Fourier-based methods for the management of complex insurance products

Abstract

This paper proposes a framework for the valuation and the management of complex life insurance contracts, whose design can be described by a portfolio of embedded options, which are activated according to one or more triggering events. These events are in general monitored discretely over the life of the policy, due to the contract terms. Similar designs can also be found in other contexts, such as counterparty credit risk for example.

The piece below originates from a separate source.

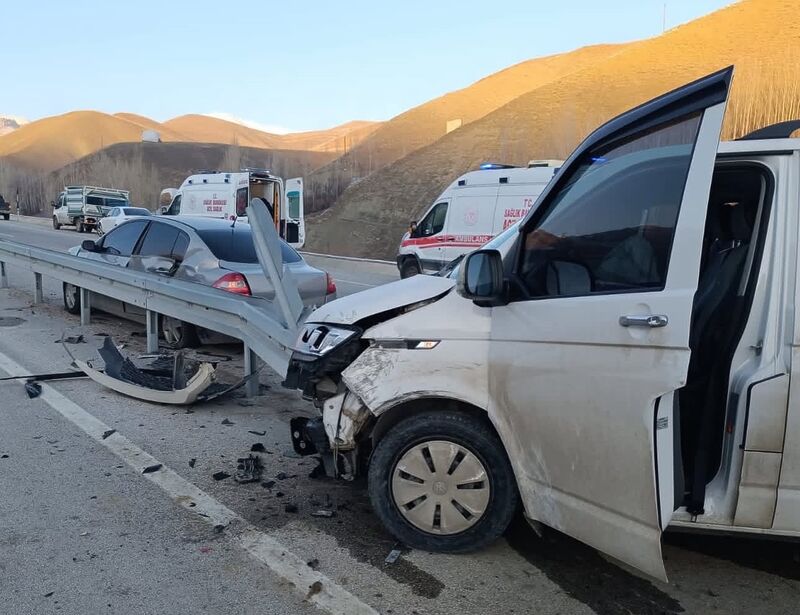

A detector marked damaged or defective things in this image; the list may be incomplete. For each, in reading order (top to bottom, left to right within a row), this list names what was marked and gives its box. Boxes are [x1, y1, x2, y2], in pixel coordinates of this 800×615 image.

bent guardrail rail [0, 238, 304, 382]
crumpled hood [304, 274, 456, 328]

The framework is based on Fourier transform methods as they allow to derive convenient closed analytical formulas for a broad spectrum of underlying dynamics. Multidimensionality issues generated by the discrete monitoring of the triggering events are dealt with efficiently designed Monte Carlo integration strategies. We illustrate the tractability of the proposed approach by means of a detailed study of ratchet variable annuities, which can be considered a prototypical example of these complex structured products.

This is joint work with Ernst Eberlein, Thorsten Schmidt and Raghid Zeineddine.

Bio

Laura Ballotta is a reader in Financial Mathematics at Cass Business School, London. She works in the areas of quantitative finance and risk management and has written on topics including stochastic modelling for financial valuation and risk management, numerical methods aimed at supporting financial applications, and the interplay between finance and insurance. She holds a Ph.D. in Mathematical and Computational Methods for Economics and Finance from the Università degli Studi di Bergamo (Italy).